2024年11月21日(木)

いま、なぜ武士道なのか

2024年9月16日

 2024年8月、岸田総理大臣が自民党総裁選挙に立候補しない意向を表明。後任を選ぶ自民党総裁選挙では、推薦人を必要とする1972年以降過去最多となる9人が立候補した。候補者が乱立している背景には、派閥の解消により自由度が高まったことが大きく関わっているだろう。
 日本の総理大臣を選ぶことにもなる重要な総裁選挙だが、リーダーにとって重要なスキルのひとつに「決断力」がある。この決断力を磨くにはどうしたらよいのだろうか。武士道の時代の決断のコツにヒントを求めてみよう。2009年9月25日に掲載した『「葉隠」的 決断力の磨き方』を再掲する。

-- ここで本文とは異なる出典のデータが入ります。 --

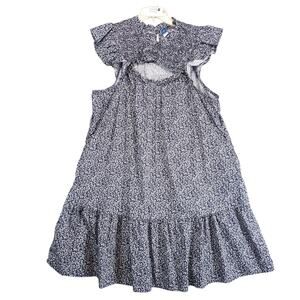 Old Navy Ditsy Floral Tiered Dress XL Smocked Cutout Front Flutter Sleeve Knee-L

 議論を尽くせば考えは深くなる。しかし、考えすぎも長いとかえって思案を腐らせる。下されるべき時機にその判断が下されることのほうが、時として大切である。
『葉隠』は、「十言を一言で」「七息思案」など具体的な方法で決断のために意識を変えることを薦める。つまり要点を押さえて相手に伝えることや、伝える時機を逃さないことを説く。

(metamorworks/shutterstock)

十言を一言で言おう

 対話・討論ということが、最近特にやかましくいわれている。それは、相互理解を深めるために重要ではある。しかしそれが万能薬であるとはいいきれない。もう一度原点に立ちかえって考えてみる必要がある。 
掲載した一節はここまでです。